While recently perusing the Twitterverse, I came across a woman who posted a picture of her 14 year old-daughter's "2012 Summer Bucket List." Most of the items were what you'd expect to see from a girl that age: go on a date, kiss a boy, spend one day a week at the beach, etc. This tweeted photo really got me thinking, and has since become the inspiration for what is about to follow.

The term "bucket list" is sort of strange, when you think about it. I don't recall when/where I first heard it, but I'm thinking about a young child hearing it and thinking about it in literal terms. A list of buckets? A list written on a bucket? But no, it's a list of things to do before you "kick the bucket," a euphemism from a rather large list of euphemisms for dying. Am I the only one who thinks this is kind of morbid? Not the concept really, but the term. Alas, it's ubiquitous.
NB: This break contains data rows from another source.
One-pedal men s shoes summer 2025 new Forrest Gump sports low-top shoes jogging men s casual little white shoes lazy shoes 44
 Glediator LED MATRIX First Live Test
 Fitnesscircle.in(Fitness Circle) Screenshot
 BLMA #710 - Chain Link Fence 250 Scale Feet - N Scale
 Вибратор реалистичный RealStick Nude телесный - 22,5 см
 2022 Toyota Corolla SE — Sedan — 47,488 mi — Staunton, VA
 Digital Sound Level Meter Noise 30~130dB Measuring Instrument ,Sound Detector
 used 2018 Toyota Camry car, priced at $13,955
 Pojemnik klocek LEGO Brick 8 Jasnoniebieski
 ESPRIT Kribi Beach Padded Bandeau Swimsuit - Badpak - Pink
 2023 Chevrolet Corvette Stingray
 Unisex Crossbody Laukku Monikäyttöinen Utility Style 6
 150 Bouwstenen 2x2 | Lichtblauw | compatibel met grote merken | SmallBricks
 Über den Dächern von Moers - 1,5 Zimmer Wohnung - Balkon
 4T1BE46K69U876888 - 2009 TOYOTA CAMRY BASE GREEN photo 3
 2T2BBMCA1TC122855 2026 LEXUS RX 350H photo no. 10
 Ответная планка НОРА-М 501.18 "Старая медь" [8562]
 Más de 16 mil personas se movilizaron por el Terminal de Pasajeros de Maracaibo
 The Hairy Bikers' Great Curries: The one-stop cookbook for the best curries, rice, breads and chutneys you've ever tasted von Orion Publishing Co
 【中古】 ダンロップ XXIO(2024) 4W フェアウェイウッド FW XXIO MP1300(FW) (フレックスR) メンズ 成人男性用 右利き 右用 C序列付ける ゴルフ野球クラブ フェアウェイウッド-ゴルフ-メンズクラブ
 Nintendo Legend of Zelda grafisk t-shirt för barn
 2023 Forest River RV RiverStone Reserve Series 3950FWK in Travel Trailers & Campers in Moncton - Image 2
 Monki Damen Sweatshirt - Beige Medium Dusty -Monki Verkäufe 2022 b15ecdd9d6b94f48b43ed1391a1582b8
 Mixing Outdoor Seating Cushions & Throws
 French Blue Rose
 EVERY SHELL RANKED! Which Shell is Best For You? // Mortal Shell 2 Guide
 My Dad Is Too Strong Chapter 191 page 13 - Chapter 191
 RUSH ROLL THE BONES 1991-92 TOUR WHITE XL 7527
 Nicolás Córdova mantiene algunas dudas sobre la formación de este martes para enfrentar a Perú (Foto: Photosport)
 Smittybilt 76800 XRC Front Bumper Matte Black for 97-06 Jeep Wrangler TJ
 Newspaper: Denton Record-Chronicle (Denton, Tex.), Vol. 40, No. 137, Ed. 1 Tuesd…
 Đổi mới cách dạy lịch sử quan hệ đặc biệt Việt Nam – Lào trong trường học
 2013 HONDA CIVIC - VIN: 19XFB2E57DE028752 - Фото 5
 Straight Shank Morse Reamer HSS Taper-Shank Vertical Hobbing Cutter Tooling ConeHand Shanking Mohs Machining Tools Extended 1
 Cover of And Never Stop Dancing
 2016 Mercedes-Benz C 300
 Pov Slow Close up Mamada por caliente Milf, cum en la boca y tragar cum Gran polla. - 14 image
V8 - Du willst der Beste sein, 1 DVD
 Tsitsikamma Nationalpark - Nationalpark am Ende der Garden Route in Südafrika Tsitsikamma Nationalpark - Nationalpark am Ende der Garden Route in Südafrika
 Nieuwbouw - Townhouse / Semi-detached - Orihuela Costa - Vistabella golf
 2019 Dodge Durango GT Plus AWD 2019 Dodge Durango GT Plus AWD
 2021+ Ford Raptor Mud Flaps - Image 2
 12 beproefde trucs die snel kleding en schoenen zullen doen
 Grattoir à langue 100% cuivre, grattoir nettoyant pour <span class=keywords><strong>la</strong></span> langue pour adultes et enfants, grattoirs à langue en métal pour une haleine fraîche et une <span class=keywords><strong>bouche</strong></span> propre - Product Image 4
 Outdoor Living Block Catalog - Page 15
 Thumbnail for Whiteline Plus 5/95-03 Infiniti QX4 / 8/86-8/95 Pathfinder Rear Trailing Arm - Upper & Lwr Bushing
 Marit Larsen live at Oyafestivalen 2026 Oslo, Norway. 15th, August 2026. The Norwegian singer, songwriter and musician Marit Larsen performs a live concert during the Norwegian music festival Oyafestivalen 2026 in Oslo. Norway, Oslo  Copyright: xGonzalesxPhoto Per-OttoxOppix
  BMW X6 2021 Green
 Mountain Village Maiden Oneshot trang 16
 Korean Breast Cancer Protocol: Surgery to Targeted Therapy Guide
Enter "bucket list" into Google and there are 35.8 million results, the very first of which is a whole website dedicated to the concept. You can create and track you very own bucket list on that site! I'm also quite certain "there's [at least one] app for that." There's even a movie about it, starring Jack Nicholson and Morgan Freeman. I watched it. I cried a lot. Great movie. And I suspect it stirred a lot of peoples' creative bucket list juices.

Possibly one of the saddest movie ever. IMDB

Some people create one bucket list, THE bucket list, which encompasses every possible thing imaginable they'd like to accomplish in their lifetime (seems like a bit of a daunting task to me). But, like the teenager above, some people make seasonal bucket lists, or chronological bucket lists (Bucket List to accomplish before turning 30, 40, etc) and I've even seen competitive bucket lists comprised of insane/ridiculous things and who can do the most, etc. People have taken the concept and really run with it. It makes me wonder; what makes an item/event bucket list worthy? Many lists include things like sky diving, bungee jumping, swimming with dolphins, etc. Does something have to be dangerous/exciting/adrenaline packed to make the list? Would someone with a list of things such as try something new, dance in public, be vegetarian for a week, go a movie alone, be considered "boring" or "square?" I suspect a bucket list is what best fits the individual and/or situation.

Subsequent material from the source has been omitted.